» **SUPPLIED MATERIAL**:
————————

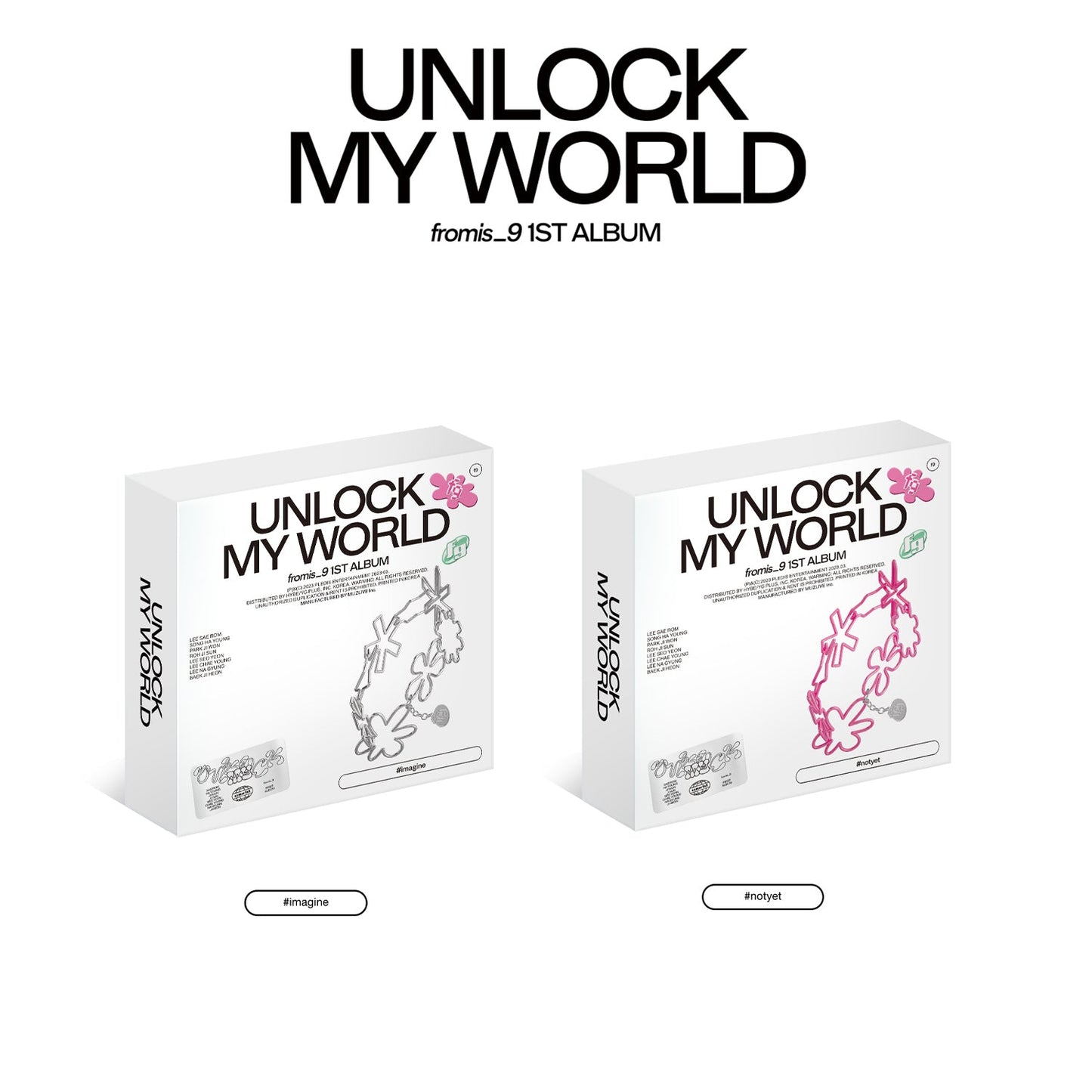 FROMIS_9 1ST ALBUM 'UNLOCK MY WORLD' (KIHNO KIT) SET COVER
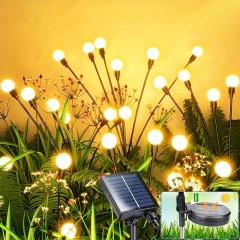 1+1 Gratis Lampa Solara Licurici, decoratiuni de Gradina cu LED Lumina Calda, 70 cm fiecare 1+1 Gratis Lampa Solara Licurici, decoratiuni de Gradina cu LED Lumina Calda, 70 cm fiecare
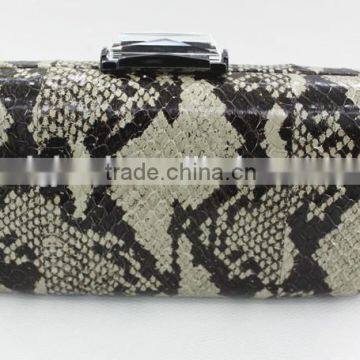 luxury ladies superior quality snake real leather clutch bags genuine leather evening bag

————————

» **HOW TO COMPLETE THIS TASK**: Pictures aside, repeat every line of the data above exactly.

» **RESPONSE BOX**:
 FROMIS_9 1ST ALBUM 'UNLOCK MY WORLD' (KIHNO KIT) SET COVER
 1+1 Gratis Lampa Solara Licurici, decoratiuni de Gradina cu LED Lumina Calda, 70 cm fiecare 1+1 Gratis Lampa Solara Licurici, decoratiuni de Gradina cu LED Lumina Calda, 70 cm fiecare
 luxury ladies superior quality snake real leather clutch bags genuine leather evening bag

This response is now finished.